Work instruction: Each line below must be reproduced exactly.

Supplied records:
BEGIN
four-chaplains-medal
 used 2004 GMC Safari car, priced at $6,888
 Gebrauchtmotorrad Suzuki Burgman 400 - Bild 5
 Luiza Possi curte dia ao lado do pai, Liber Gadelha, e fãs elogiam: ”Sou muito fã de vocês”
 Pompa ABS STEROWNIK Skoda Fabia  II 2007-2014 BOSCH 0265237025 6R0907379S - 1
END
Solution to this task:
four-chaplains-medal
 used 2004 GMC Safari car, priced at $6,888
 Gebrauchtmotorrad Suzuki Burgman 400 - Bild 5
 Luiza Possi curte dia ao lado do pai, Liber Gadelha, e fãs elogiam: ”Sou muito fã de vocês”
 Pompa ABS STEROWNIK Skoda Fabia  II 2007-2014 BOSCH 0265237025 6R0907379S - 1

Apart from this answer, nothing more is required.